What this task involves:
In the entries below, find the line with "NOPE Pom-Pom Beanie" and the line with "Póster Tripulación de". Return those two lines and all lines between them, exactly.

Given information:
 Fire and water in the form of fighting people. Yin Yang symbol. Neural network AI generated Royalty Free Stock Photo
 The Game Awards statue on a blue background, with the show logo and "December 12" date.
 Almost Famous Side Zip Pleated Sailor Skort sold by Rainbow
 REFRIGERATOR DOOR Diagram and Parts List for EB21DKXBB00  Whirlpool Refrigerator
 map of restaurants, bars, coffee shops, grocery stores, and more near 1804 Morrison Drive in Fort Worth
==
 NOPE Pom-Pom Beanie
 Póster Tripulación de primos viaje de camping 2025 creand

Response below:
 NOPE Pom-Pom Beanie
 Póster Tripulación de primos viaje de camping 2025 creand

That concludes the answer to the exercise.